Wakeup call for Japan’s politicians

Article
  • 2012年12月30日

    Christopher Hobson

    The massive shock that Japan received from the earthquake and tsunami on March 11, 2011, was not enough to shake the country’s politicians out of their comatose state. This was already evident before the recent national elections.

    The shifting of responsibility, the confused policies, the lack of leadership, the bureaucratic wrangling and the misuse of government funds — all of these tawdry practices continued after the “triple disasters” without too much disruption.

    There were some grounds for optimism that political change might be possible, given the considerable growth in civil society activism in response to the disaster at the Fukushima No. 1 nuclear plant. Anti-nuclear protests surged in the summer of 2012 following the restart of two reactors at the Oi nuclear power plant.

    This led some hopeful pundits to propose that it might even be the beginnings of a Japanese version of the “Arab Spring,” in which large protests and active civil society movements could bring about a major political opening. Half a year later such suggestions now seem excessively optimistic. A notable feature of the Dec. 16 Lower House election results is that the strong anti-nuclear sentiment present in Japanese civil society did not translate into influence at the polls.

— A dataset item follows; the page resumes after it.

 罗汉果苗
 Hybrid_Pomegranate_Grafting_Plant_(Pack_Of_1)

    Indeed, quite the opposite occurred: The Liberal Democratic Party, the party most closely aligned with the “nuclear village,” was returned to power with a considerable majority. Moreover, it is not a “different” LDP, but essentially the same cast of characters, with a set of ideas similar to the ones dispensed only three years ago.

    There is little evidence that the LDP is much better equipped than the Democratic Party of Japan to tackle the serious political, economic and social challenges that the country faces.

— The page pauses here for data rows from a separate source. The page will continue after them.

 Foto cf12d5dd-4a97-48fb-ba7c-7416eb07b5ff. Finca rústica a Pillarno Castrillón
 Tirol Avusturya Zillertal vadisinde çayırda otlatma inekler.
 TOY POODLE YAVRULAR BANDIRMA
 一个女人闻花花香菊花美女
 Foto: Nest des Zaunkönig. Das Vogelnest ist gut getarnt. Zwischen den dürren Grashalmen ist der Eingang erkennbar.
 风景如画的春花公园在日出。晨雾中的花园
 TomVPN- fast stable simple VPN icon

    Many commentators have correctly observed that the election results were determined more by the voting public seeking to punish the DPJ rather than by a strong endorsement of the LDP.

    In an Asahi Shimbun survey 81 percent of respondents answered that the LDP’s victory was because of “disappointment with the DPJ government,” compared with only 7 percent that thought it was due to “support for the LDP’s policies.”

    Even LDP leader and new Prime Minister Shinzo Abe has expressed an awareness of the limited mandate his government has received. This is certainly true, but focusing on the fortunes of the various parties misses a significant underlying message: On a more basic level, the elections were a major rebuke to Japan’s entire political class.

    Here the most telling statistic is voter turnout: At 59.3 percent it was the lowest in Japan’s postwar history. Considering it was the first election after the 3/11 “triple disasters” and that it came at a time when there are heightened concerns over Japan’s economy, as well as raised tensions with neighbors in East Asia, there were many reasons for people to vote.

    The small turnout cannot simply be dismissed as voter apathy. Notably there was a 10 percent drop from the 2009 elections. This suggests something deeper: a growing sense of frustration and alienation among the Japanese public toward those tasked with ruling them. This may be expected given the small-minded behavior of many of their politicians, but such a state of affairs is deeply problematic for Japan’s democracy in the long run.

    The distance between the politicians and the public could be seen in the way issues related to 3/11 were dealt with during the election. Much was made by candidates of the suffering of those displaced by the tsunami and nuclear disaster, but among the victims. There was a pervasive sense that their plight was being used more for political gain.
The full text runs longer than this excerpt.